Scenario Map: Key Solana Price Levels To Track In 2026
For trading and allocation, the Solana map for 2026 is defined by a few precise zones rather than vague ranges. The first tactical line in the sand is $100–$105, the current support band where SOL-USD is trying to stabilize after an 11% daily drop and a high-teens weekly decline. As long as daily closes stay above roughly $100 and rebounds can test $110–$115 with improving volume, short-term traders can justify playing bounces inside a broader downtrend. A clean break below $100 that holds on a daily close shifts focus to $90–$92, the next high-timeframe reaction area flagged by multiple analysts. Failure there exposes the more important weekly shelf around $80–$85, which coincides with prior consolidation and aligns with the first major downside objective from the current head-and-shoulders structure. If macro stress escalates and crypto sees another forced liquidation wave, the 78.6% Fibonacci region near $70 becomes the logical magnet on a multi-week horizon. Only in a deep, sector-wide capitulation would the long-term extension zone near $50 come into play. On the upside, the first real test for the bearish thesis is a decisive reclaim of $115, then a break and weekly close above $140–$145. A sustained move through $150 would invalidate the immediate downside structure and reopen the path toward prior highs, but that requires a synchronized improvement in macro conditions, crypto flows and spot volumes, not just a single squeeze.
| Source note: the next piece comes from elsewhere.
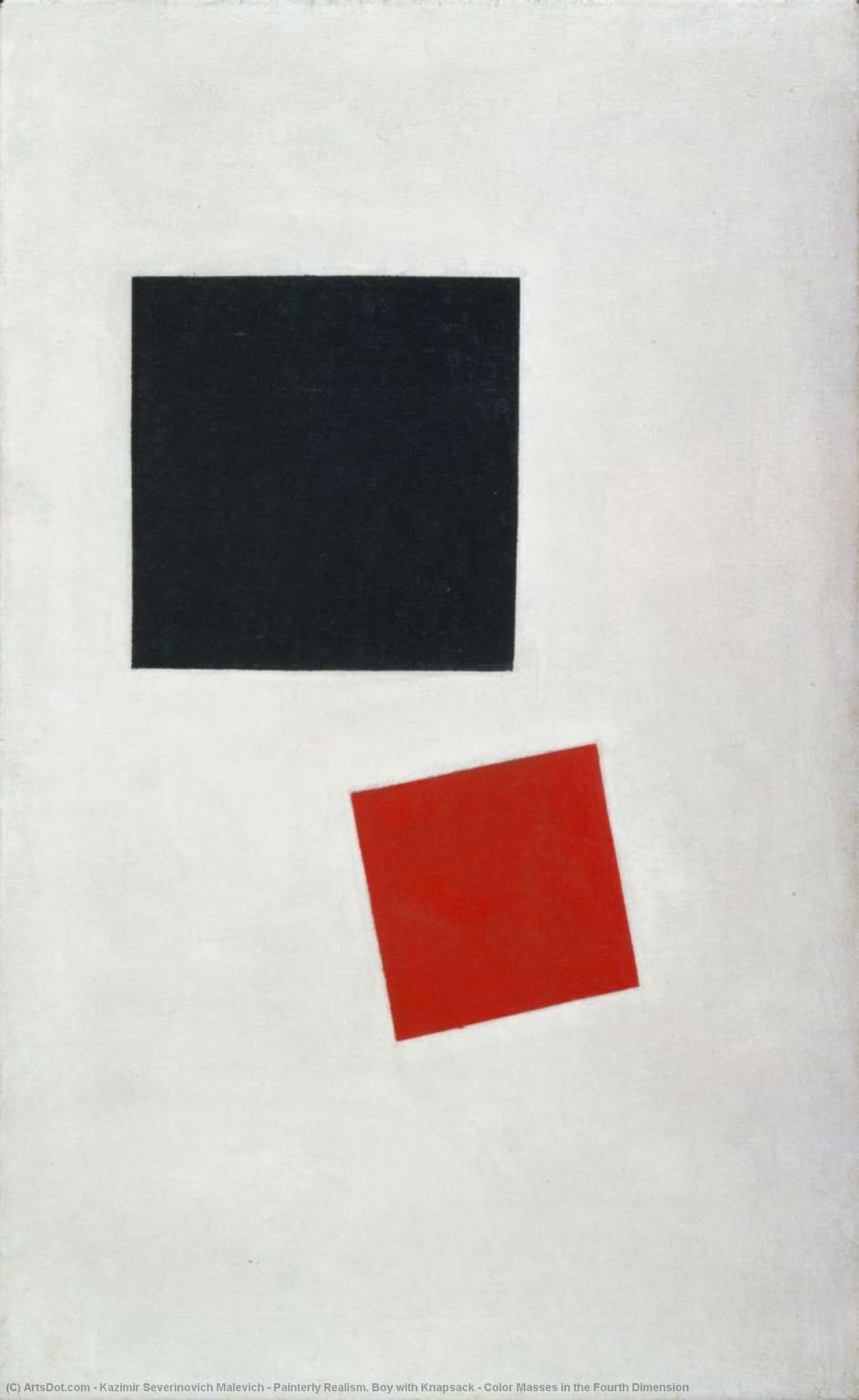 WikiOO.org - Encyclopedia of Fine Arts - Lukisan, Artwork Kazimir Severinovich Malevich - Painterly Realism. Boy with Knapsack - Color Masses in the Fourth Dimension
Verdict On Solana (SOL-USD): Rating, Bias And Execution Plan
Putting the data together, Solana (SOL-USD) carries strong fundamentals and real institutional interest, but the charts and macro backdrop are bearish in the near term. Network metrics, fee revenue and ETF inflows justify keeping Solana on the core watchlist for the next cycle. The multi-year head-and-shoulders breakdown, the loss of the $120 shelf, the move under key moving averages and the close under the 61.8% retracement argue that the current leg is not finished and that $80–$90, with risk down to $70, remains a realistic path if macro pressure persists. The clean conclusion is straightforward. For existing holders with a long horizon, Solana is a Hold with a bearish short-term bias: the on-chain and ETF data justify staying in the story, but the tape favors patience over aggressive averaging at $100–$105. The better risk-reward buy zone sits lower, in the $80–$90 band, with dry powder reserved for any extreme overshoot toward $70. For active traders, the stance is to sell or fade spikes into $120–$130 until SOL-USD can reclaim and hold above $115–$120 on strong volume. The structural bull case for Solana remains intact; the price action says the market wants cheaper levels before it fully commits to it.